TASK DIRECTIONS: Copy all the lines below without altering anything.
═══ GIVEN ENTRIES ═══
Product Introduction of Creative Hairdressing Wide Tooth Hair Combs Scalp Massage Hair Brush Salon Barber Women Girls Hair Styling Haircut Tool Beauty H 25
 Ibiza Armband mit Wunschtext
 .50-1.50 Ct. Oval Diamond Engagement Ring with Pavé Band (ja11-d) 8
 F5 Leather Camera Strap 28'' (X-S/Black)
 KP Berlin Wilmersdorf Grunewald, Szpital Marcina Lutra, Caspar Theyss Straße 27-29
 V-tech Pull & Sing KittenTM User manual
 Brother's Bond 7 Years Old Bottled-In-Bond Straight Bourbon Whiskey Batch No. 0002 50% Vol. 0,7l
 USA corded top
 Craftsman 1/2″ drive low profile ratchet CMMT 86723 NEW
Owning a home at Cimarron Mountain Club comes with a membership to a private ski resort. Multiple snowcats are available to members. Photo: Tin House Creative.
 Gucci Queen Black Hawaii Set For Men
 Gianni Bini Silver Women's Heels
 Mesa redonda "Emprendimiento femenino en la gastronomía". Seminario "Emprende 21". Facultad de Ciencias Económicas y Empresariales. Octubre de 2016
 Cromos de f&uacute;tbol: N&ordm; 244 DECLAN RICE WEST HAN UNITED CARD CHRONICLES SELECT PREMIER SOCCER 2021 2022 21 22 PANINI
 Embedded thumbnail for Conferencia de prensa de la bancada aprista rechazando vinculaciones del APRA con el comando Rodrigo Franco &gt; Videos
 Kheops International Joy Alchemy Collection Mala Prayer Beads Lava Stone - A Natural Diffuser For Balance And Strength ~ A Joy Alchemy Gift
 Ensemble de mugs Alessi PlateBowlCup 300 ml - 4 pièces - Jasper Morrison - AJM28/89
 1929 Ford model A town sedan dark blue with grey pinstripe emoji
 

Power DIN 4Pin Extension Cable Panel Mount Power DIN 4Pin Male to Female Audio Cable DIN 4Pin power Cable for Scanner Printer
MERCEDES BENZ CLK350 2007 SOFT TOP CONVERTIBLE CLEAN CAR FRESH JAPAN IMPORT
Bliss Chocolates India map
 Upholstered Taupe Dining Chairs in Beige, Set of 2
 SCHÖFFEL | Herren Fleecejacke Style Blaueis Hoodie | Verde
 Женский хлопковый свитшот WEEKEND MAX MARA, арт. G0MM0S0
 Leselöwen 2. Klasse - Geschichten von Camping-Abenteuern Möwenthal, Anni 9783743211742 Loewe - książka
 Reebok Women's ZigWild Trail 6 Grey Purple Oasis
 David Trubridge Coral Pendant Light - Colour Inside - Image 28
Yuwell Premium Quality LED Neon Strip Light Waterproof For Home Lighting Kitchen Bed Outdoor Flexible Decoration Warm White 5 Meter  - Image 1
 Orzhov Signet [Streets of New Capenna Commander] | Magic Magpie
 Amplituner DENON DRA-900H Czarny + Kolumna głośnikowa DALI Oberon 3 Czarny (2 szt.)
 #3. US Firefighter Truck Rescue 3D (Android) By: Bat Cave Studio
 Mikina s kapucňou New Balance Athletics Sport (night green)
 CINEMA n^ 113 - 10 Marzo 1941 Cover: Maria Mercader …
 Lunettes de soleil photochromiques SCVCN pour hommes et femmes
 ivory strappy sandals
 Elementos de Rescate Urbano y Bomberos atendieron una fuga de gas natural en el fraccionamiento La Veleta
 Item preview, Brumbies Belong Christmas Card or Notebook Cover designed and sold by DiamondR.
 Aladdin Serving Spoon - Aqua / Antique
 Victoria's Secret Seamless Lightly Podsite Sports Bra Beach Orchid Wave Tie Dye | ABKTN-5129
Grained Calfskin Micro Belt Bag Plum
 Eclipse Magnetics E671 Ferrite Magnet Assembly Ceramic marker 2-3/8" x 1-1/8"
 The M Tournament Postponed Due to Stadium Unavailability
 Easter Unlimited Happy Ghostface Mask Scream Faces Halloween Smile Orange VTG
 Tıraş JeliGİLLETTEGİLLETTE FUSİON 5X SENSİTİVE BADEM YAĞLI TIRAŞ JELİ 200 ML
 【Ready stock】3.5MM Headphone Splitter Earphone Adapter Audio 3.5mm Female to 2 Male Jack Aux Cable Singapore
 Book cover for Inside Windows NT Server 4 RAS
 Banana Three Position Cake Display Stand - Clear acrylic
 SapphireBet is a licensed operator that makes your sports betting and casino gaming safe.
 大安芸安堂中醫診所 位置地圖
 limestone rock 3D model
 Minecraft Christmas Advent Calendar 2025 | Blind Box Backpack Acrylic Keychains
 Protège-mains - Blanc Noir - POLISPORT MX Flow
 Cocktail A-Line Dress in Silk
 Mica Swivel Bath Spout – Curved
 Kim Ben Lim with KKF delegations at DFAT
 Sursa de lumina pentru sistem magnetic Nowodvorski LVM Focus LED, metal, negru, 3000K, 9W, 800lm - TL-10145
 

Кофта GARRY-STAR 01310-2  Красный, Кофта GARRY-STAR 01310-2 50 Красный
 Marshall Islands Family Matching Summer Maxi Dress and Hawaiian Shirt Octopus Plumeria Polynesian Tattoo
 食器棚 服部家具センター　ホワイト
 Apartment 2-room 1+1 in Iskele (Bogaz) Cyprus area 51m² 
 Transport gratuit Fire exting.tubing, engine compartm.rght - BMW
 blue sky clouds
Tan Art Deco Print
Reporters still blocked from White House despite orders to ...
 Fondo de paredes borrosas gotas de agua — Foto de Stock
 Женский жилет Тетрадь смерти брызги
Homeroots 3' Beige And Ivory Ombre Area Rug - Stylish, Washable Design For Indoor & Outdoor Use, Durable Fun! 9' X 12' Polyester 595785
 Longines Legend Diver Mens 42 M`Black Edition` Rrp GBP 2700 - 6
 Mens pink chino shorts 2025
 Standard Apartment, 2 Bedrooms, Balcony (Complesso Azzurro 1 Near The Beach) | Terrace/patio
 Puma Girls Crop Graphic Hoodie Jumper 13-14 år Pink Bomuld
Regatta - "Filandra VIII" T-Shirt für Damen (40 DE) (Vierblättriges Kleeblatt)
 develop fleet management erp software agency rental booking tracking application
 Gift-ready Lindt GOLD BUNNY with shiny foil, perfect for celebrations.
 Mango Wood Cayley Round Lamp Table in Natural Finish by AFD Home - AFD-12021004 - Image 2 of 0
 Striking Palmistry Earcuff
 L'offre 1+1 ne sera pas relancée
═══
EXERCISE RESULT:
Product Introduction of Creative Hairdressing Wide Tooth Hair Combs Scalp Massage Hair Brush Salon Barber Women Girls Hair Styling Haircut Tool Beauty H 25
 Ibiza Armband mit Wunschtext
 .50-1.50 Ct. Oval Diamond Engagement Ring with Pavé Band (ja11-d) 8
 F5 Leather Camera Strap 28'' (X-S/Black)
 KP Berlin Wilmersdorf Grunewald, Szpital Marcina Lutra, Caspar Theyss Straße 27-29
 V-tech Pull & Sing KittenTM User manual
 Brother's Bond 7 Years Old Bottled-In-Bond Straight Bourbon Whiskey Batch No. 0002 50% Vol. 0,7l
 USA corded top
 Craftsman 1/2″ drive low profile ratchet CMMT 86723 NEW
Owning a home at Cimarron Mountain Club comes with a membership to a private ski resort. Multiple snowcats are available to members. Photo: Tin House Creative.
 Gucci Queen Black Hawaii Set For Men
 Gianni Bini Silver Women's Heels
 Mesa redonda "Emprendimiento femenino en la gastronomía". Seminario "Emprende 21". Facultad de Ciencias Económicas y Empresariales. Octubre de 2016
 Cromos de f&uacute;tbol: N&ordm; 244 DECLAN RICE WEST HAN UNITED CARD CHRONICLES SELECT PREMIER SOCCER 2021 2022 21 22 PANINI
 Embedded thumbnail for Conferencia de prensa de la bancada aprista rechazando vinculaciones del APRA con el comando Rodrigo Franco &gt; Videos
 Kheops International Joy Alchemy Collection Mala Prayer Beads Lava Stone - A Natural Diffuser For Balance And Strength ~ A Joy Alchemy Gift
 Ensemble de mugs Alessi PlateBowlCup 300 ml - 4 pièces - Jasper Morrison - AJM28/89
 1929 Ford model A town sedan dark blue with grey pinstripe emoji
 

Power DIN 4Pin Extension Cable Panel Mount Power DIN 4Pin Male to Female Audio Cable DIN 4Pin power Cable for Scanner Printer
MERCEDES BENZ CLK350 2007 SOFT TOP CONVERTIBLE CLEAN CAR FRESH JAPAN IMPORT
Bliss Chocolates India map
 Upholstered Taupe Dining Chairs in Beige, Set of 2
 SCHÖFFEL | Herren Fleecejacke Style Blaueis Hoodie | Verde
 Женский хлопковый свитшот WEEKEND MAX MARA, арт. G0MM0S0
 Leselöwen 2. Klasse - Geschichten von Camping-Abenteuern Möwenthal, Anni 9783743211742 Loewe - książka
 Reebok Women's ZigWild Trail 6 Grey Purple Oasis
 David Trubridge Coral Pendant Light - Colour Inside - Image 28
Yuwell Premium Quality LED Neon Strip Light Waterproof For Home Lighting Kitchen Bed Outdoor Flexible Decoration Warm White 5 Meter  - Image 1
 Orzhov Signet [Streets of New Capenna Commander] | Magic Magpie
 Amplituner DENON DRA-900H Czarny + Kolumna głośnikowa DALI Oberon 3 Czarny (2 szt.)
 #3. US Firefighter Truck Rescue 3D (Android) By: Bat Cave Studio
 Mikina s kapucňou New Balance Athletics Sport (night green)
 CINEMA n^ 113 - 10 Marzo 1941 Cover: Maria Mercader …
 Lunettes de soleil photochromiques SCVCN pour hommes et femmes
 ivory strappy sandals
 Elementos de Rescate Urbano y Bomberos atendieron una fuga de gas natural en el fraccionamiento La Veleta
 Item preview, Brumbies Belong Christmas Card or Notebook Cover designed and sold by DiamondR.
 Aladdin Serving Spoon - Aqua / Antique
 Victoria's Secret Seamless Lightly Podsite Sports Bra Beach Orchid Wave Tie Dye | ABKTN-5129
Grained Calfskin Micro Belt Bag Plum
 Eclipse Magnetics E671 Ferrite Magnet Assembly Ceramic marker 2-3/8" x 1-1/8"
 The M Tournament Postponed Due to Stadium Unavailability
 Easter Unlimited Happy Ghostface Mask Scream Faces Halloween Smile Orange VTG
 Tıraş JeliGİLLETTEGİLLETTE FUSİON 5X SENSİTİVE BADEM YAĞLI TIRAŞ JELİ 200 ML
 【Ready stock】3.5MM Headphone Splitter Earphone Adapter Audio 3.5mm Female to 2 Male Jack Aux Cable Singapore
 Book cover for Inside Windows NT Server 4 RAS
 Banana Three Position Cake Display Stand - Clear acrylic
 SapphireBet is a licensed operator that makes your sports betting and casino gaming safe.
 大安芸安堂中醫診所 位置地圖
 limestone rock 3D model
 Minecraft Christmas Advent Calendar 2025 | Blind Box Backpack Acrylic Keychains
 Protège-mains - Blanc Noir - POLISPORT MX Flow
 Cocktail A-Line Dress in Silk
 Mica Swivel Bath Spout – Curved
 Kim Ben Lim with KKF delegations at DFAT
 Sursa de lumina pentru sistem magnetic Nowodvorski LVM Focus LED, metal, negru, 3000K, 9W, 800lm - TL-10145
 

Кофта GARRY-STAR 01310-2  Красный, Кофта GARRY-STAR 01310-2 50 Красный
 Marshall Islands Family Matching Summer Maxi Dress and Hawaiian Shirt Octopus Plumeria Polynesian Tattoo
 食器棚 服部家具センター　ホワイト
 Apartment 2-room 1+1 in Iskele (Bogaz) Cyprus area 51m² 
 Transport gratuit Fire exting.tubing, engine compartm.rght - BMW
 blue sky clouds
Tan Art Deco Print
Reporters still blocked from White House despite orders to ...
 Fondo de paredes borrosas gotas de agua — Foto de Stock
 Женский жилет Тетрадь смерти брызги
Homeroots 3' Beige And Ivory Ombre Area Rug - Stylish, Washable Design For Indoor & Outdoor Use, Durable Fun! 9' X 12' Polyester 595785
 Longines Legend Diver Mens 42 M`Black Edition` Rrp GBP 2700 - 6
 Mens pink chino shorts 2025
 Standard Apartment, 2 Bedrooms, Balcony (Complesso Azzurro 1 Near The Beach) | Terrace/patio
 Puma Girls Crop Graphic Hoodie Jumper 13-14 år Pink Bomuld
Regatta - "Filandra VIII" T-Shirt für Damen (40 DE) (Vierblättriges Kleeblatt)
 develop fleet management erp software agency rental booking tracking application
 Gift-ready Lindt GOLD BUNNY with shiny foil, perfect for celebrations.
 Mango Wood Cayley Round Lamp Table in Natural Finish by AFD Home - AFD-12021004 - Image 2 of 0
 Striking Palmistry Earcuff
 L'offre 1+1 ne sera pas relancée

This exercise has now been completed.